:: Task inputs ::
===

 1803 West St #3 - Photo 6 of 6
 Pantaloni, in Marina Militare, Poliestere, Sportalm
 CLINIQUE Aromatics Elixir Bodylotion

===

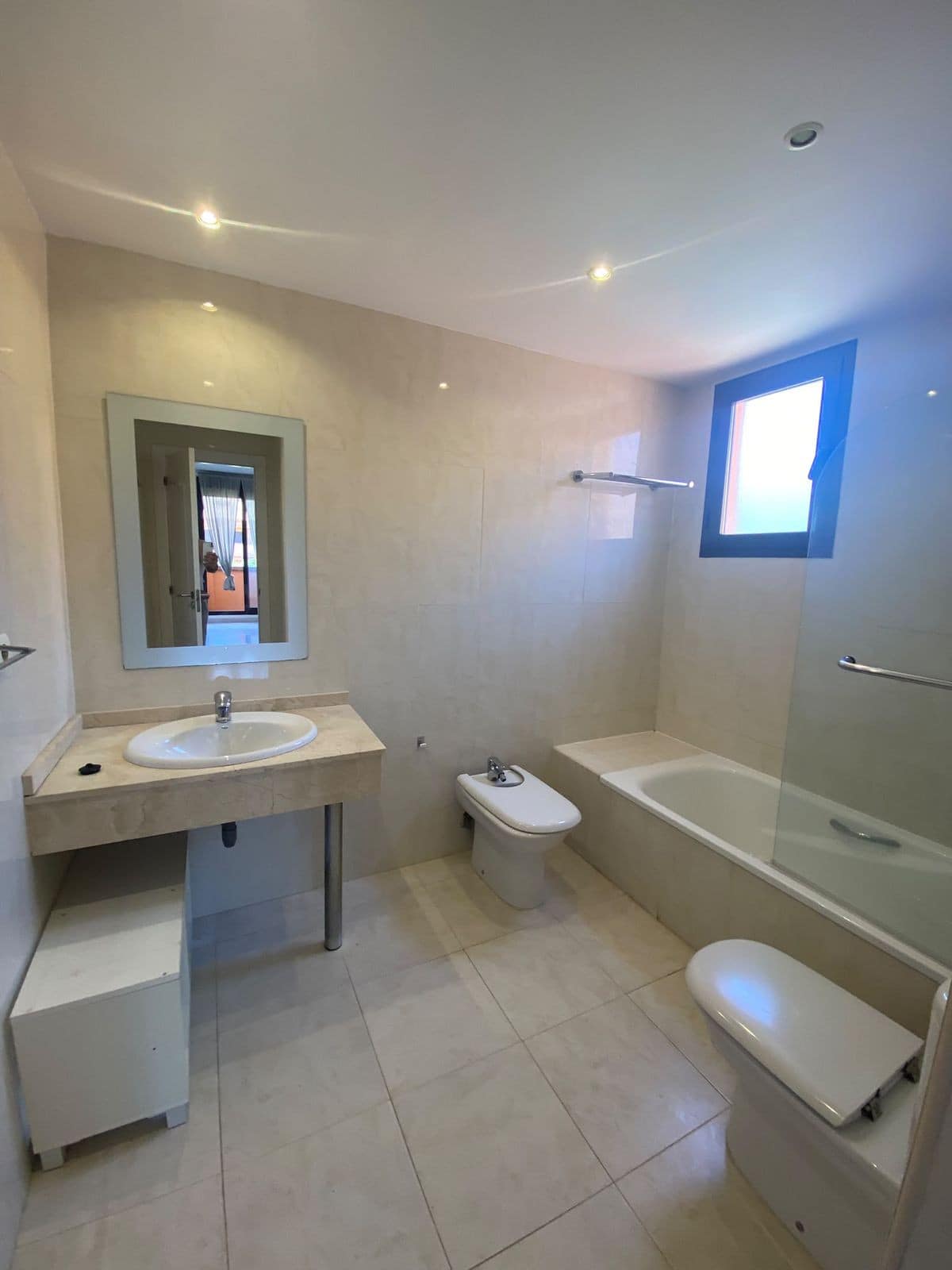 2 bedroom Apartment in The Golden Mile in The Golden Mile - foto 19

===

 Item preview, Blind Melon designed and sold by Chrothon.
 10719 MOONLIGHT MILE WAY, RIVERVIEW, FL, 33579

===

Extract the lines of the preceding material that run from the line with "Item preview, Blind" through the line with "10719 MOONLIGHT MILE", inclusive, reproducing them exactly and adding nothing.

 Item preview, Blind Melon designed and sold by Chrothon.
 10719 MOONLIGHT MILE WAY, RIVERVIEW, FL, 33579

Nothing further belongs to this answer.